Under this line are the records; repeat exactly the lines starting at the one containing "Turtle, illustration, vector" and ending at the one containing "With Anti-Bug Moat", omitting pictures.

*The input*

#####

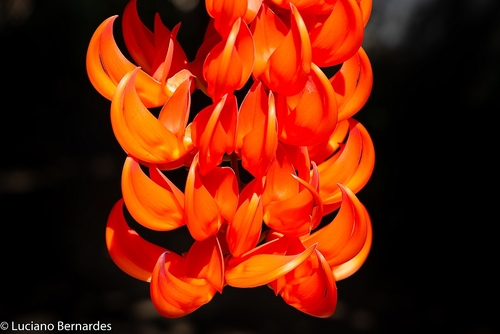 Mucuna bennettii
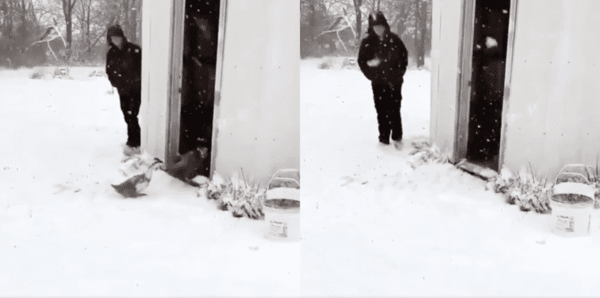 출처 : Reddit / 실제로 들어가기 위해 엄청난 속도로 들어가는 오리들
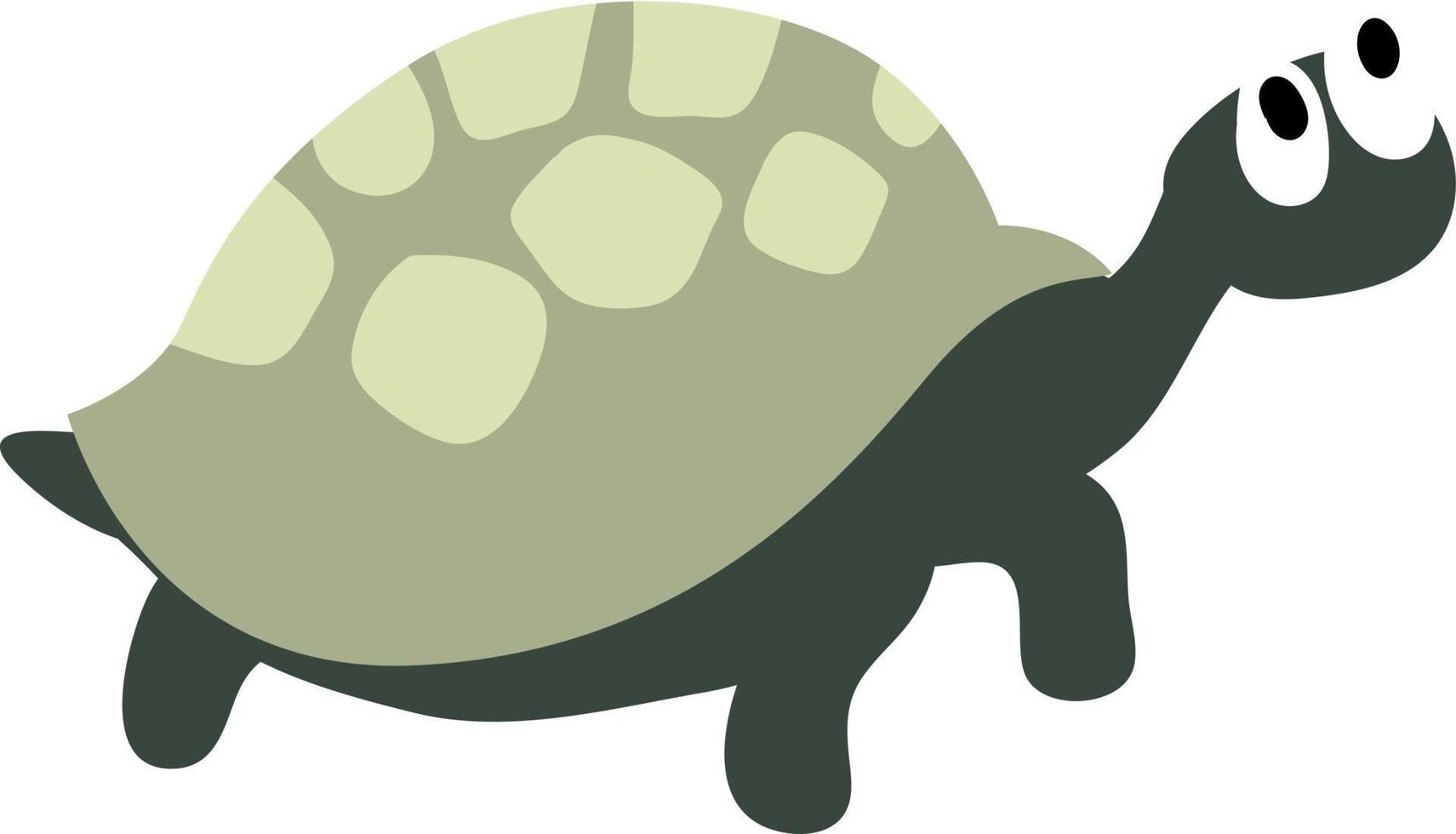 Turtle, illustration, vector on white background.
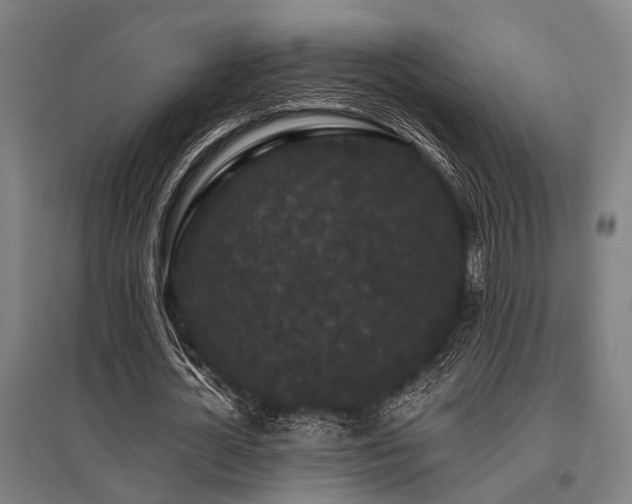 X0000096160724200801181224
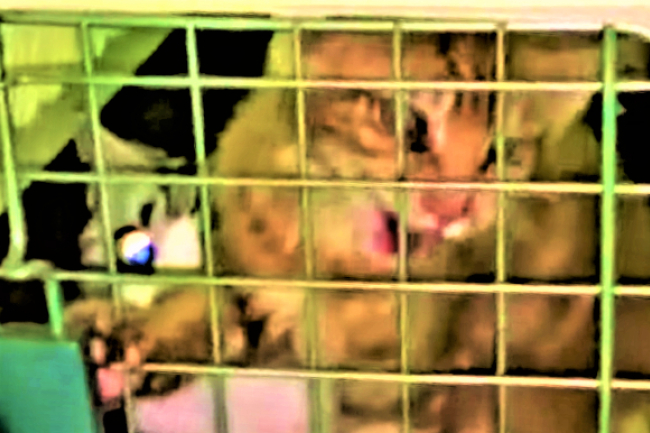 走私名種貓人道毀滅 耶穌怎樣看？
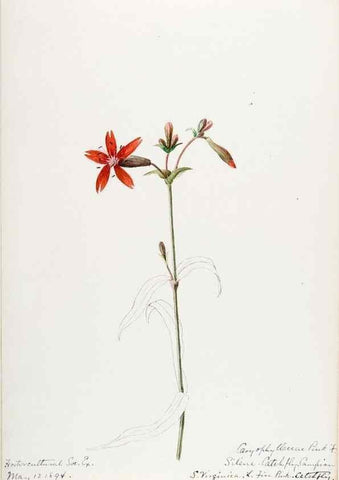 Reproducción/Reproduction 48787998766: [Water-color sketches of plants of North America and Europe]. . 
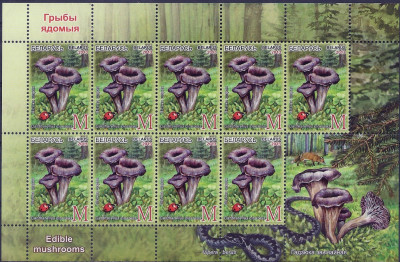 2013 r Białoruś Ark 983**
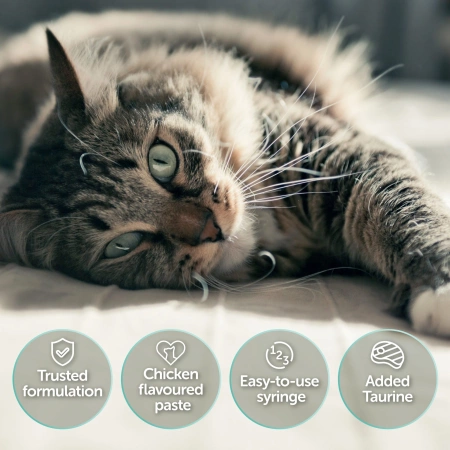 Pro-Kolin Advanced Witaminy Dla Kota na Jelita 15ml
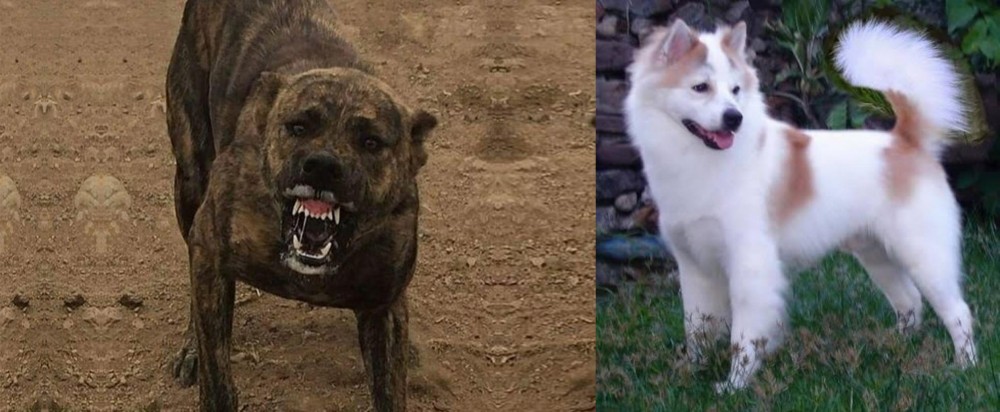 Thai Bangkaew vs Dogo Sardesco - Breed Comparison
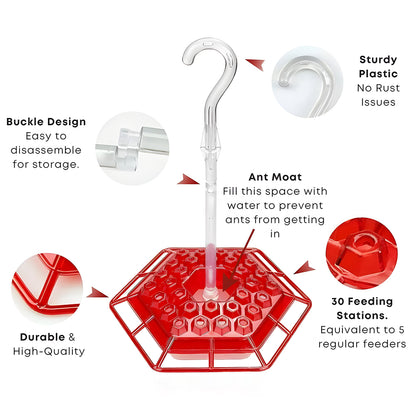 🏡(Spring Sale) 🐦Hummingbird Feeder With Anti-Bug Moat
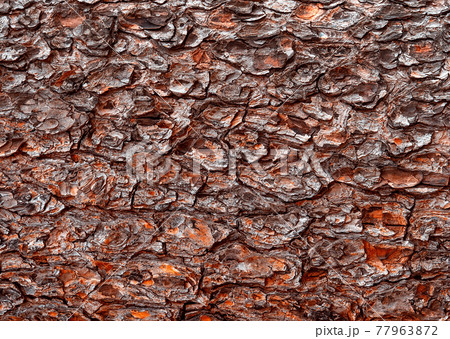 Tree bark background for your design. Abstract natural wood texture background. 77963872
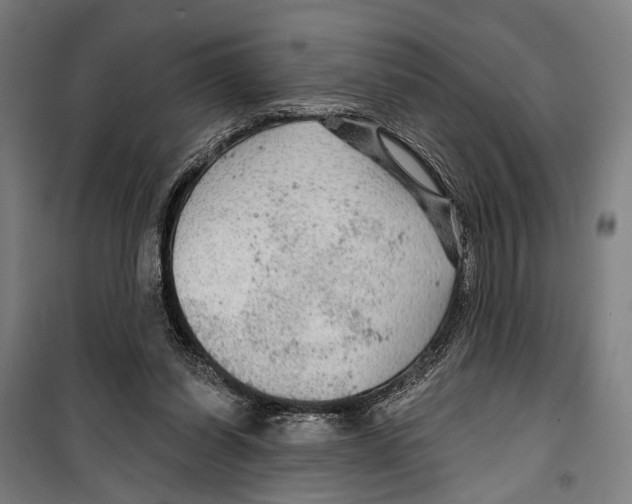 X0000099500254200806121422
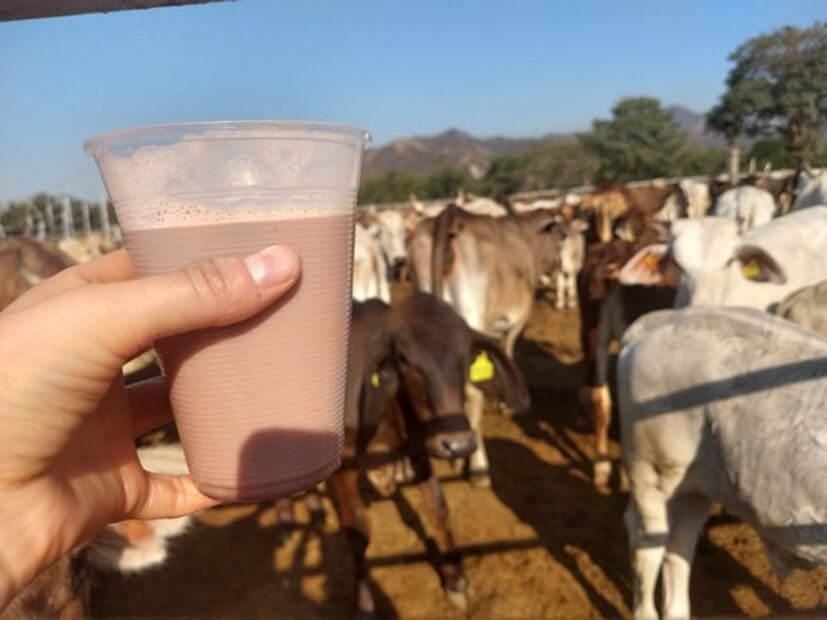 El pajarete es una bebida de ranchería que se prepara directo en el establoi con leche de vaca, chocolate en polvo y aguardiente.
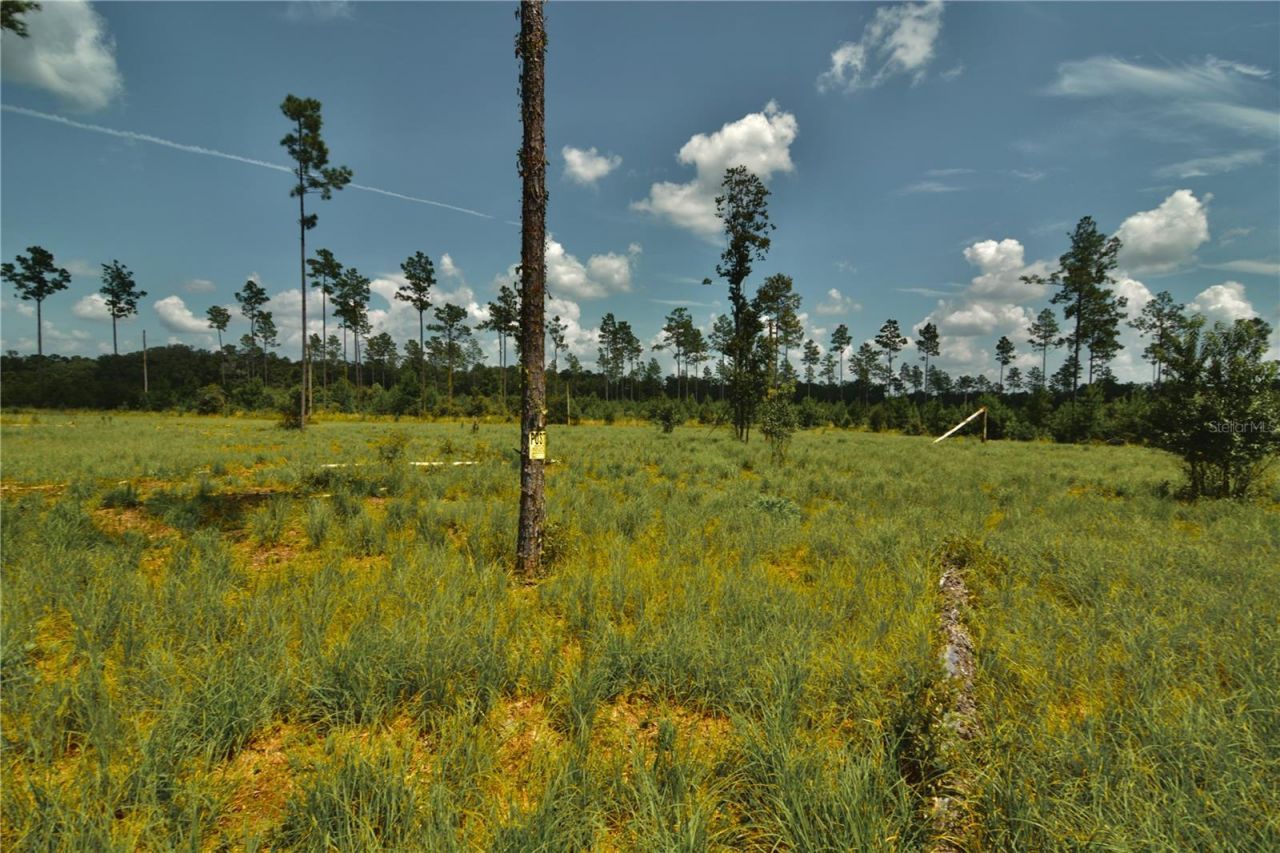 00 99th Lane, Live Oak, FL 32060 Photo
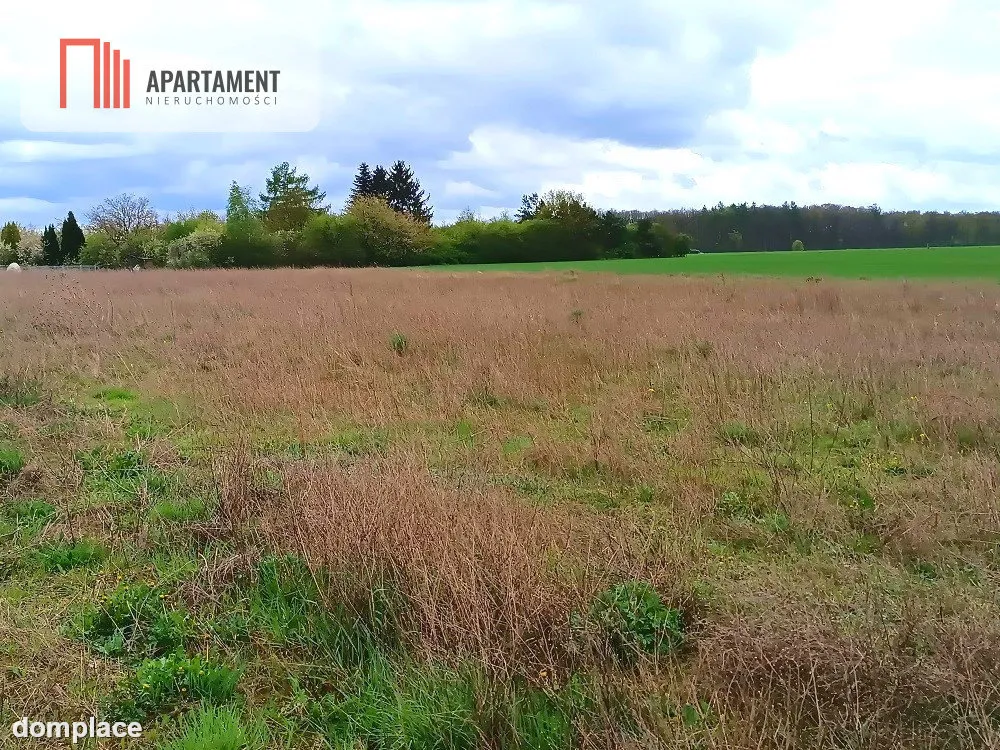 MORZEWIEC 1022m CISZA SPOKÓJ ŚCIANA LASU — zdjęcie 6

#####

*Reply to the exercise*
 Turtle, illustration, vector on white background.
 X0000096160724200801181224
 走私名種貓人道毀滅 耶穌怎樣看？
 Reproducción/Reproduction 48787998766: [Water-color sketches of plants of North America and Europe]. . 
 2013 r Białoruś Ark 983**
 Pro-Kolin Advanced Witaminy Dla Kota na Jelita 15ml
 Thai Bangkaew vs Dogo Sardesco - Breed Comparison
 🏡(Spring Sale) 🐦Hummingbird Feeder With Anti-Bug Moat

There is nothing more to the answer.